Les cybercafés de la capitale font le plein

Les cybercafés demeurent les lieux privilégiés des jeunes Algérois durant les soirées du ramadan, Internet étant plus accessible et plutôt à leur portée, alors que les spectacles proposés, par ailleurs, sont jugés «onéreux». Aussitôt après les tarawihs (prières surérogatoires pendant le ramadan), les cybercafés sont investis par des jeunes et moins jeunes qui voient en ces établissements des lieux de rencontres, de partage et de loisirs. «Le nombre d’internautes augmente sensiblement durant les soirées du ramadan. Certains jeunes réservent même leur place avant le f’tour (rupture du jeûne)», a indiqué à l’APS Yacine, un gérant d’un cybercafé situé à El Madania (hauteurs d’Alger). Nassim, un étudiant en médecine, rencontré sur le perron du même cyber bondé, a indiqué qu’il s’est abonné pour 2 000 DA à cette salle d’Internet pour éviter de faire la chaîne (queue) et de se consacrer ainsi toute la nuit à rechercher d’éventuels sites proposant des leçons en rapport avec ses études. A l’intérieur des cybers, des boissons chaudes (thé à la menthe et café), accompagnées de confiseries et autres délices, tels que le «qalb ellouz» et «el-qtaïf» (gâteaux orientaux aux amandes) sont proposés aux internautes, qui les dégustent en navigant sur la toile et, pour certains, jusqu’à une heure tardive de la nuit. Cette ambiance se retrouve dans la majorité des cybers de la capitale, allant de Birtouta (sud-ouest) à Dar El-Beïda (Est) en passant par Mohamed-Belouizdad (ex-Belcourt) et Bab El-Oued (Centre). Certains jeunes préfèrent, par contre, siroter du thé et déguster des gourmandises dans des cafés, en se livrant à d’interminables parties de dominos, de jeux de dames ou de cartes.
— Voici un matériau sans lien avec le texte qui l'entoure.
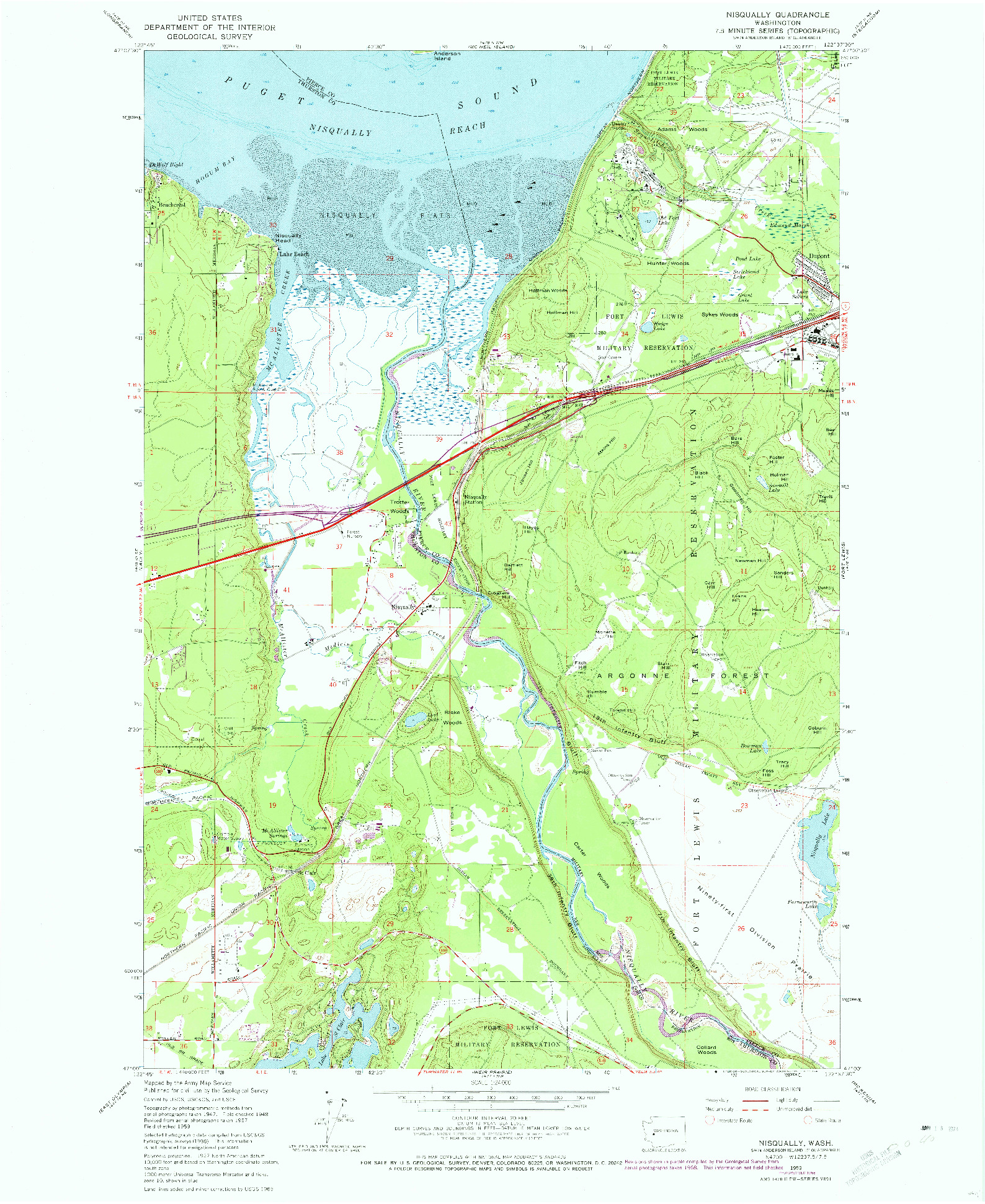 USGS 1:24000-SCALE QUADRANGLE FOR NISQUALLY, WA 1959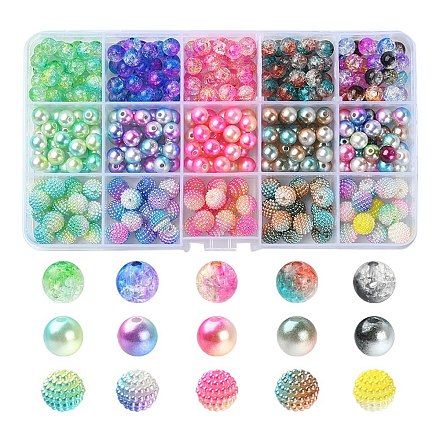 385 Uds. 15 perlas de imitación de plástico abs de estilo y cuentas acrílicas transparentes craqueladas OACR-YW0001-46-1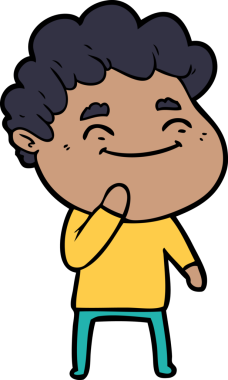 Bir insan tarafından çizilmiş çizgi film dostu bir adam.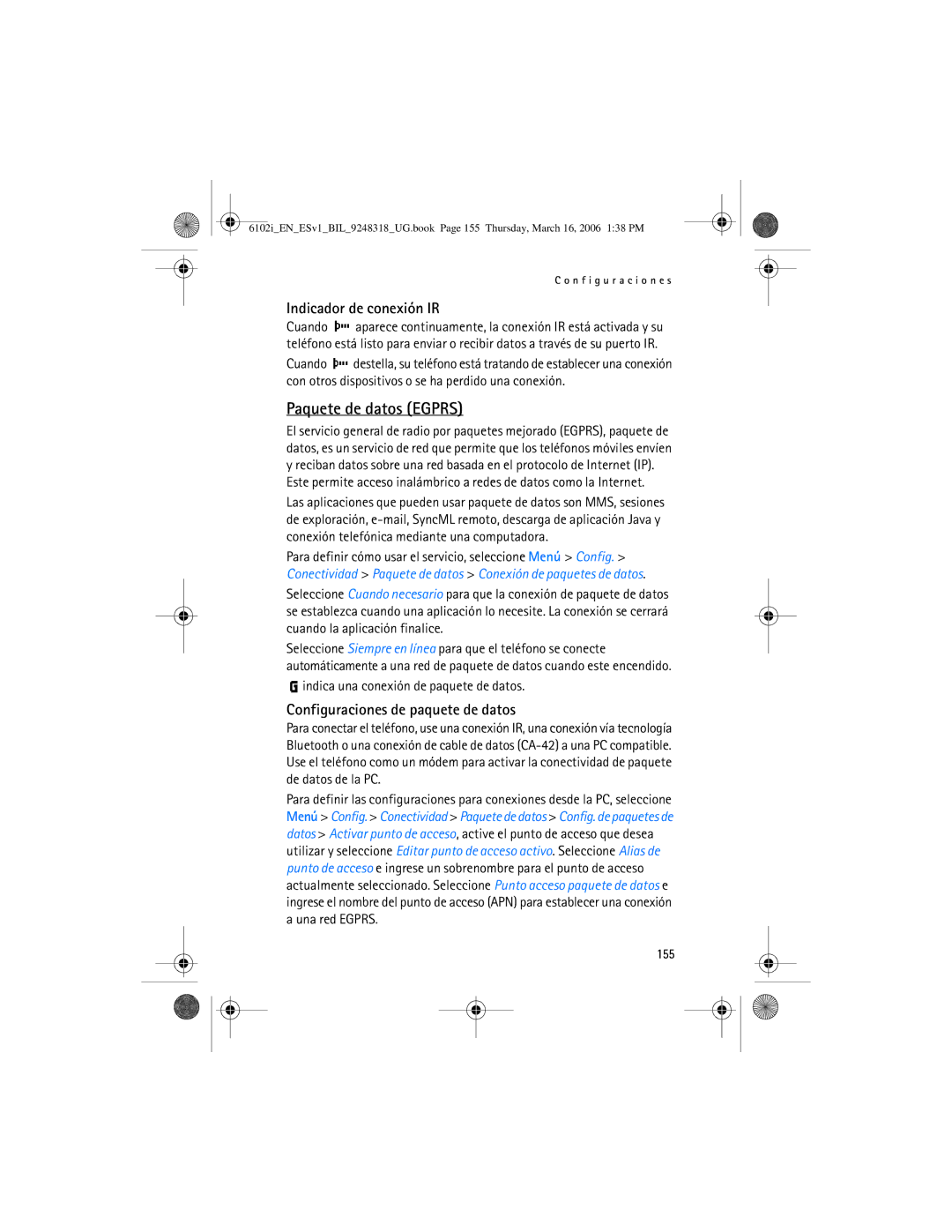 Nokia 6102i manual Paquete de datos Egprs, Indica una conexión de paquete de datos, 155 
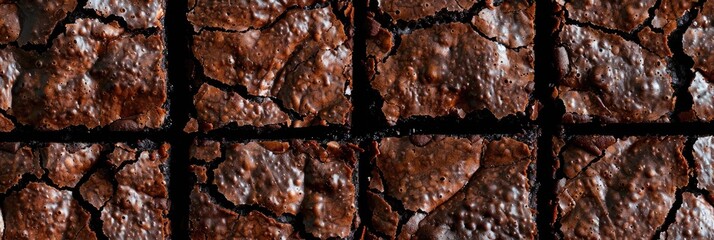 Poster - Indulgent dark chocolate brownie featuring a dense, fudgy consistency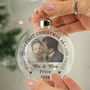 Personalised First Married Christmas Photo Upload Bauble, thumbnail 2 of 3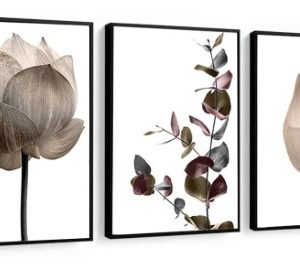 Quadro Decorativo Flores Folhagem Tons Marrom Sala Quarto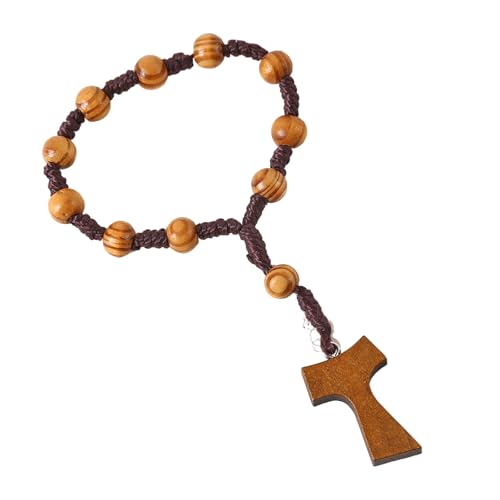 CANNXI 8 mm Holz-Rosenkranz mit Kreuzen für Gebet und Achtsamkeit, natürliche Farbe, 8 mm Holz-Rosenkranz von CANNXI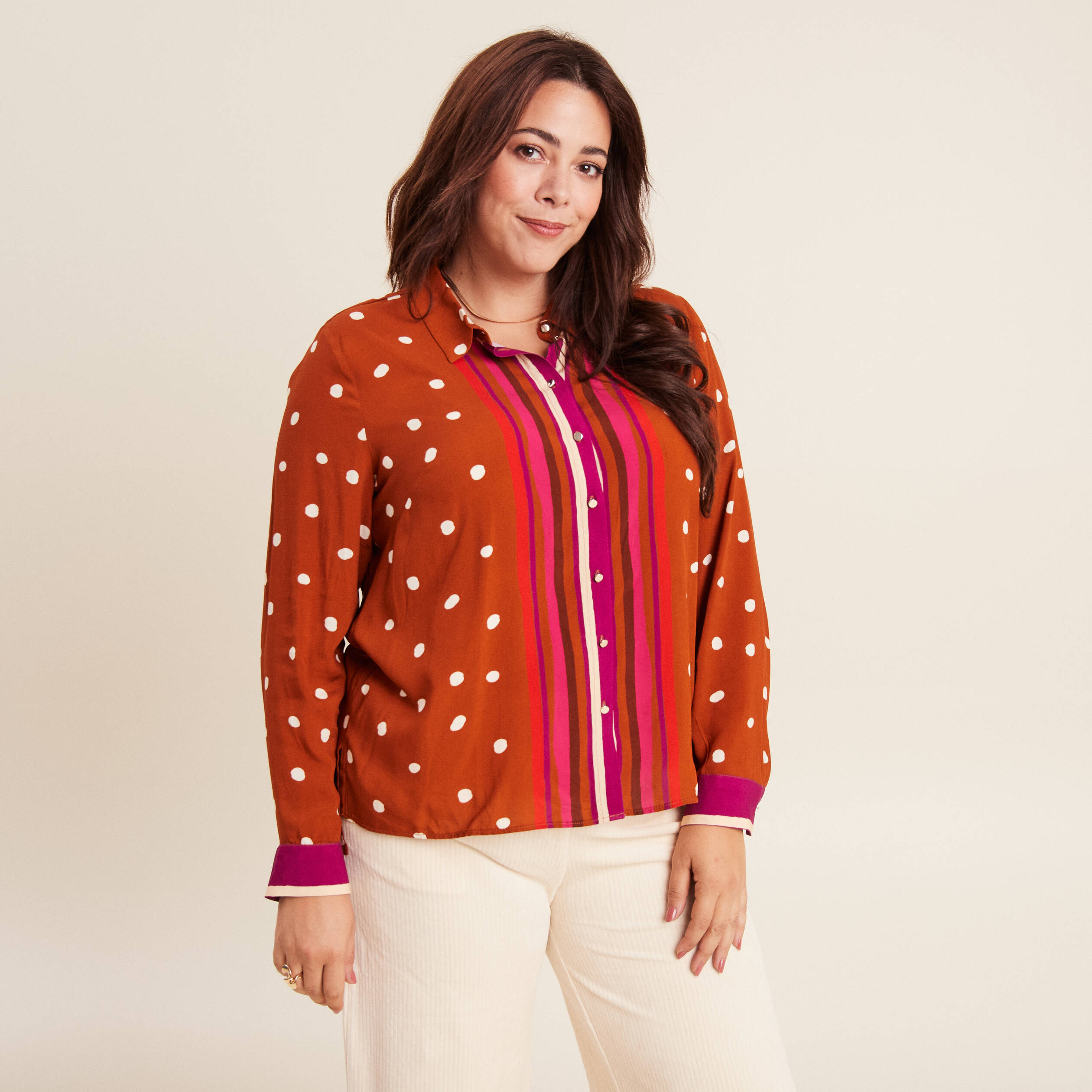 chemise manches longues marron cognac femme Chemise manches longues marron cognac femme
D’autres, pour leur part, se pressent pour s’attabler dans des locaux ou garages, transformés pour la circonstance, en cafés, communément appelés «mahchacha». Un qualificatif qui désignait jadis un lieu où on s’adonnait à la consommation du hashish (canabis). Ces «cafés» de fortune «fleurissent» un peu partout dans les quartiers de la capitale, chaque année, durant le mois de ramadan. «J’aime fréquenter les mahchacha car on y déguste du thé au clou de girofle, à la menthe sèche, au citron pressé ou à l’eau de rose, servi avec de la zlabia, du halwa-turc ou de la halqouma», a confié un jeune homme, la trentaine, habitant la rue Cervantès, les hauteurs de Belcourt. Une autre frange de jeunes, se retrouve, quant à elle, sur les perrons des bâtiments des cités de la capitale pour discuter de tout et de rien. Ils veillent à la belle étoile en grillant cigarette sur cigarette, comme s’ils voulaient compenser le manque de nicotine imposé durant la journée.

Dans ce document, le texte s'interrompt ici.